Today was a very unorganized day since the house officers were all new.  We rounded until 1:30pm, then went to a peds radiology conference, when that was over went for lunch, and then continued rounding at 2:30pm.  Today I saw reflux, 2 cases of questionable pertussis, bronchiolitis, constipation (hahah, its so funny to me when patients are admitted for severe abdominal pain and xray shows constipation, lool), and eczema herpeticum.  Also we have a very intriguing case of a young girl who keeps on spiking fevers.  She had a group B strep positive joint, then got chickenpox, and keeps spiking fevers.  We don't know if its a septic joint, (MRI is nl), chickenpox (fevers don't usually reach 39F like hers are), antibiotic fever (no good test), or an infected line.  I feel so bad for this poor girl.  She screamed so much when we tried to get blood on her Friday and her affected knee is twice the size of her unaffected one. 

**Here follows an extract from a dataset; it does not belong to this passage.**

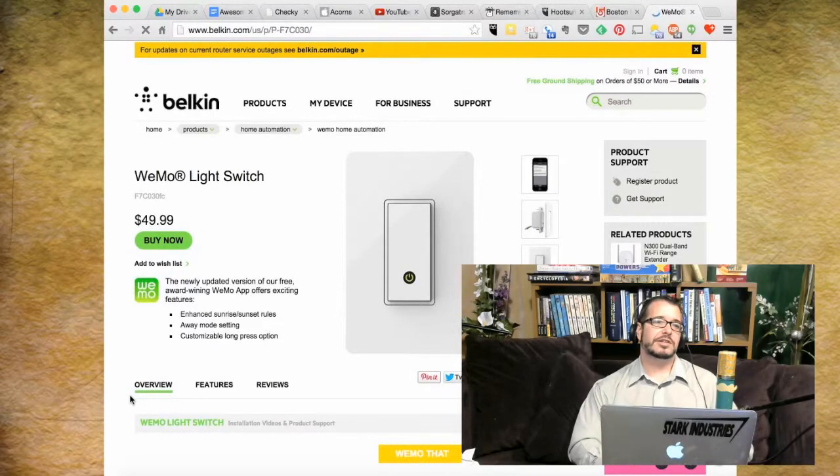I have some WeMo light switches and outlet pass-throughs from Belkin and I love that light switch — when the lights are off, a little black dot in the center of the button illuminates so you can find the switch in pitch black. When you turn it on, the light goes off. And it flashes yellow when it's getting a firmware update. I get firmware updates on it about every three months.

I really love watching my consultant interact with the patients.  She is so sweet.  Shes motherly and childlike at the same time.  Its really amazing.  I feel like the way she expresses what is going on with the patient and the plan for the day is really reassuring to the parents.  E, an SHO5 is also so amazing with the kids.  She bends all the way down on her knees by the patients bed to talk to them. 

I was also suprised at how causal lunch was today.  After the conference, the consultant, 2 of the SHOs and I went across the street to a cafe and my consultant bought my lunch so I wouldn't have to go back and get my purse.  And then we all chatted and had a very normal conversation.  It was so less awkard than when my medicine attending decided to invite himself to come out to sushi when I went out with the residents at Stamford .

I joined an SHO who does the PASSU which is the admitting service.  So instead of one team being on call and admitting for the day, one of the SHOs does the admitting the whole day.  Its been so confusing here trying to understand how things work.  I saw a pt in the resusitation room who was found to have meningoencephaltis, and an 11 yr boy with seizures.  I didn't do any of the history or exam though.  So in that way, today was a bit boring for me.

I hope tomorrow will be better now that the doctors had a day to settle.